Britton Clarke, president of the Border Trade Alliance, wrote an opinion piece for the Rio Grande Guardian that warned U.S. agricultural exports to Mexico could be at “needless risk” because of protection sought by Florida tomato growers.
“The increased protection Florida is pursuing would involve placing high duties on Mexican produce, leading to increased prices, less variety for U.S. consumers, and a distribution monopoly for a few Florida growers, who ironically buy and repack Mexican tomatoes themselves,” she wrote in the column. Clarke said that the move also threatens the U.S. Mexico Canada Agreement, the successor agreement to the North American Free Trade Agreement.
“More ominously, it invites retaliation from Mexico against successful U.S. agricultural exports such as corn, wheat, soybeans, pears, apples and pork,” Clarke wrote in the column. “In other words, a few companies in Florida will, if successful, turn a ‘win-win’ in trilateral trade into a total loss.”
The U.S. International Trade Commission is hearing arguments from lawyers for Mexican tomato growers who want the commission to preserve the suspension agreement despite the Department of Commerce decision to withdraw from the pact May 7 and then resume its antidumping investigation against Mexican tomatoes.

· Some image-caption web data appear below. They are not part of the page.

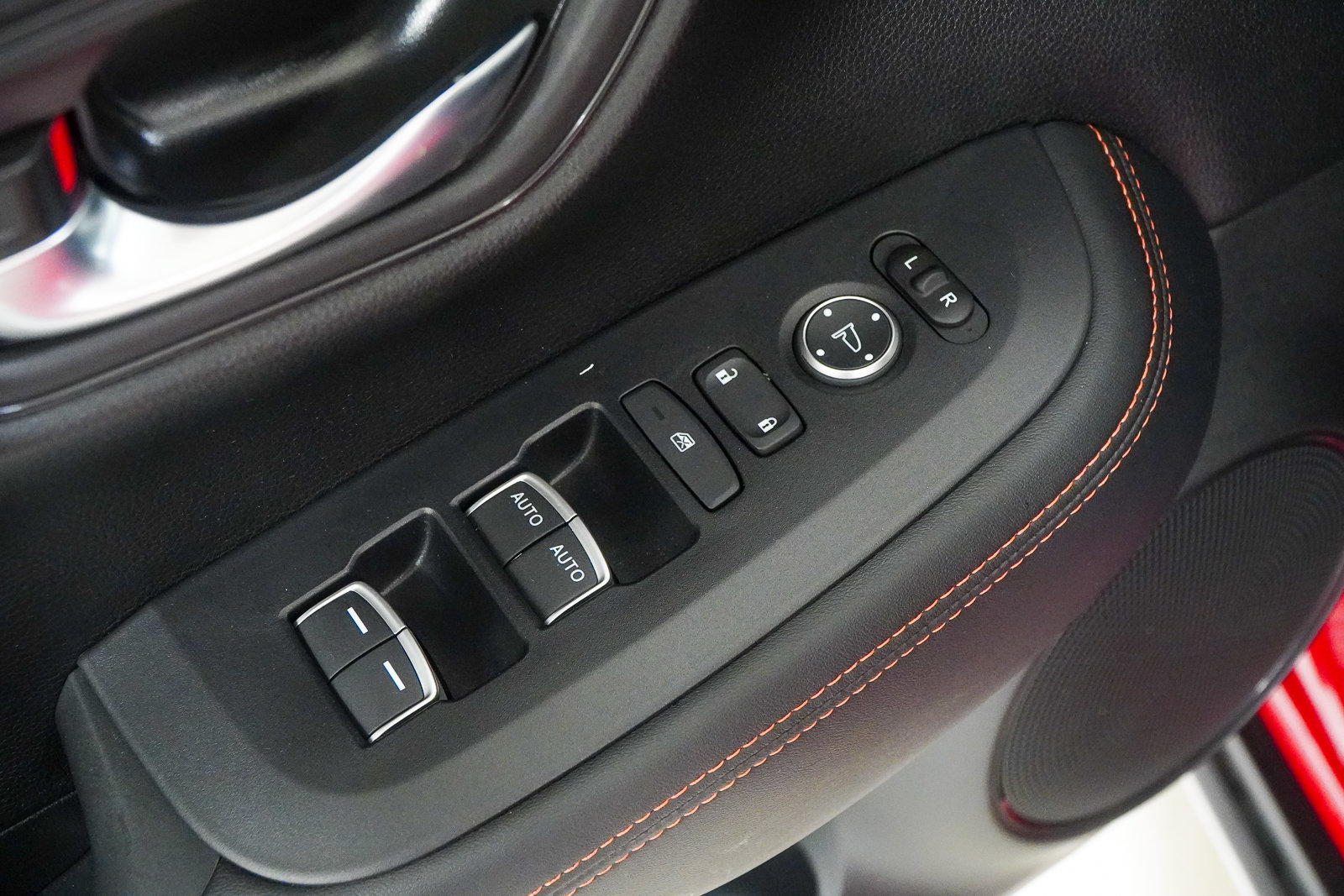 Certified 2024 Honda HR-V Sport image 18
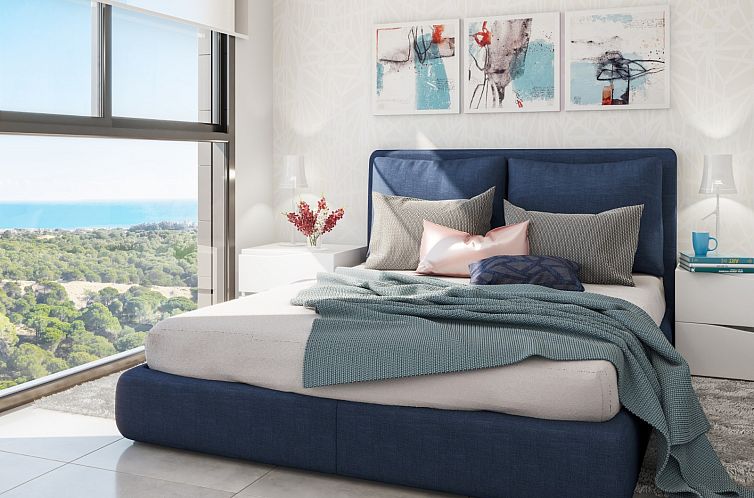 Appartement in Guardamar del Segura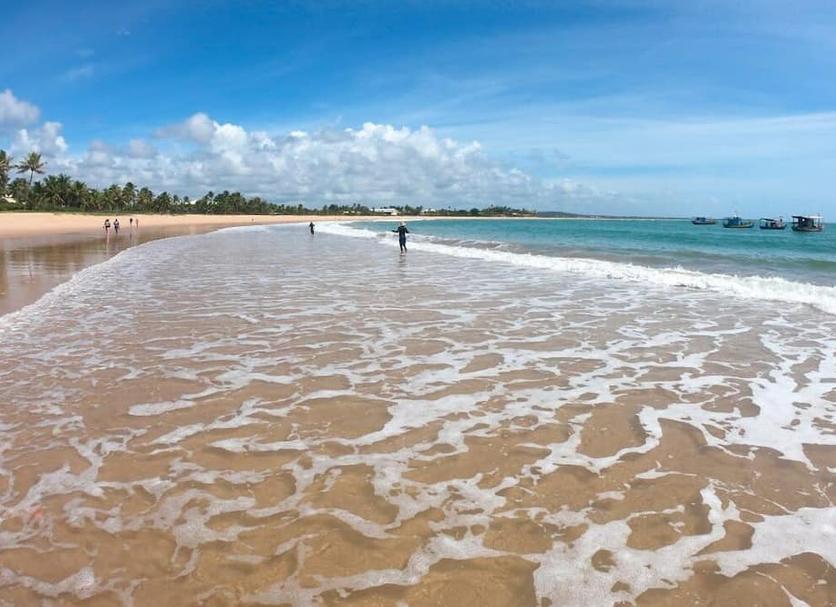Beach Photo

“Given the importance of reciprocal trade between our countries and the future implementation of the USMCA, the termination of the Tomato Suspension Agreement would not only be unfortunate but harmful,” Clarke wrote in the column.
Florida growers and some of the state’s lawmakers say what they called unfair trade practices by Mexico have cost growers billions every year and are seeking greater protection of domestic growers through legislation.